EXERCISE
Apart from any images, the entries are to be output exactly.

[DATA FOR ANALYSIS]

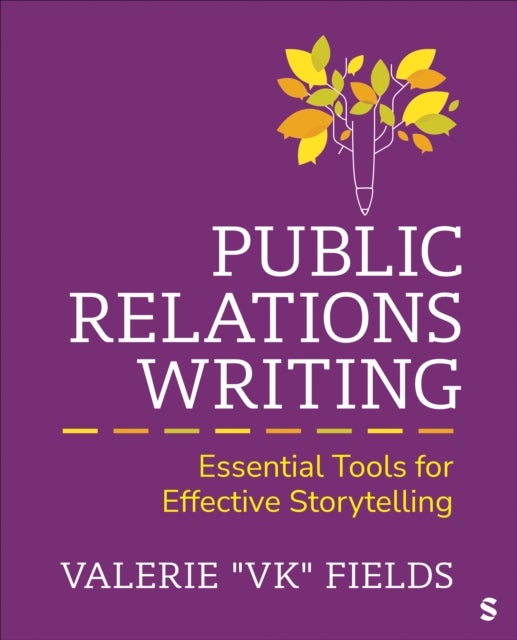 Public Relations Writing - Essential Tools for Effective Storytelling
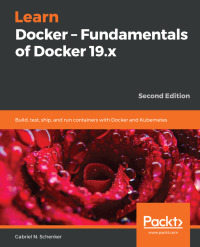 learn docker fundamentals of docker 19 x 2nd edition gabriel n. schenker 1838827471, 1838641203,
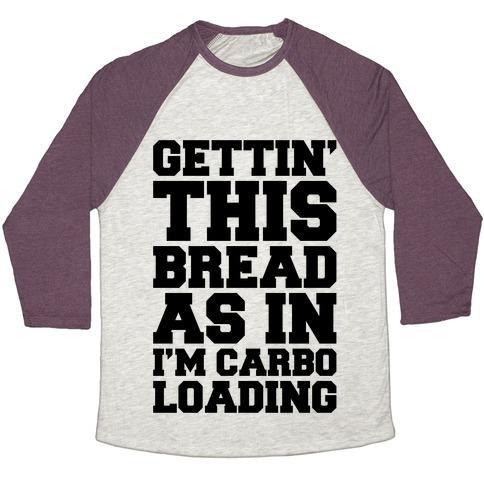 Virgin Teez  Baseball Tee Unisex Tri-Blend Baseball Tee / small / Oatmeal / Maroon GETTIN' THIS BREAD AS IN I'M CARBO LOADING UNISEX TRI-BLEND BASEBALL TEE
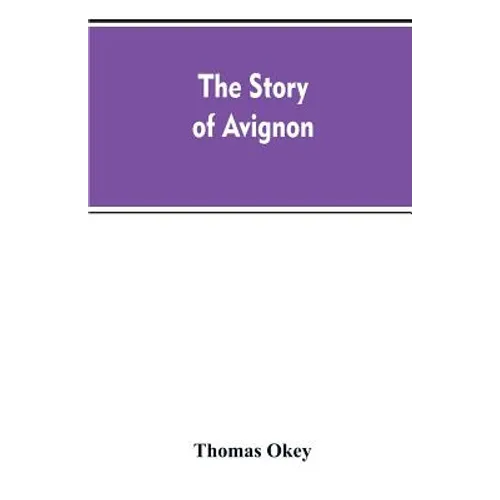 The story of Avignon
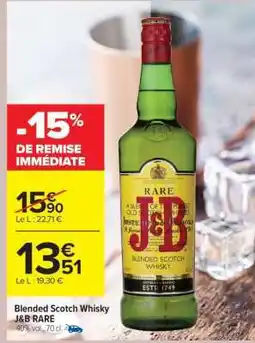 Carrefour Market BLENDED SCOTCH WHISKY J&B RARE offre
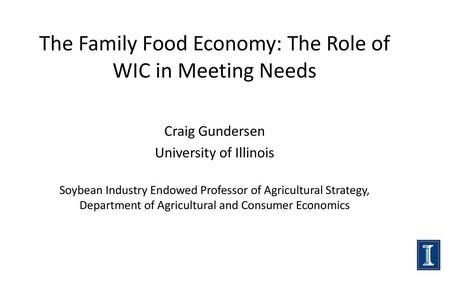 The Family Food Economy: The Role of WIC in Meeting Needs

[/DATA FOR ANALYSIS]

RESULT FOR THIS TASK
 Public Relations Writing - Essential Tools for Effective Storytelling
 learn docker fundamentals of docker 19 x 2nd edition gabriel n. schenker 1838827471, 1838641203,
 Virgin Teez  Baseball Tee Unisex Tri-Blend Baseball Tee / small / Oatmeal / Maroon GETTIN' THIS BREAD AS IN I'M CARBO LOADING UNISEX TRI-BLEND BASEBALL TEE
 The story of Avignon
 Carrefour Market BLENDED SCOTCH WHISKY J&B RARE offre
 The Family Food Economy: The Role of WIC in Meeting Needs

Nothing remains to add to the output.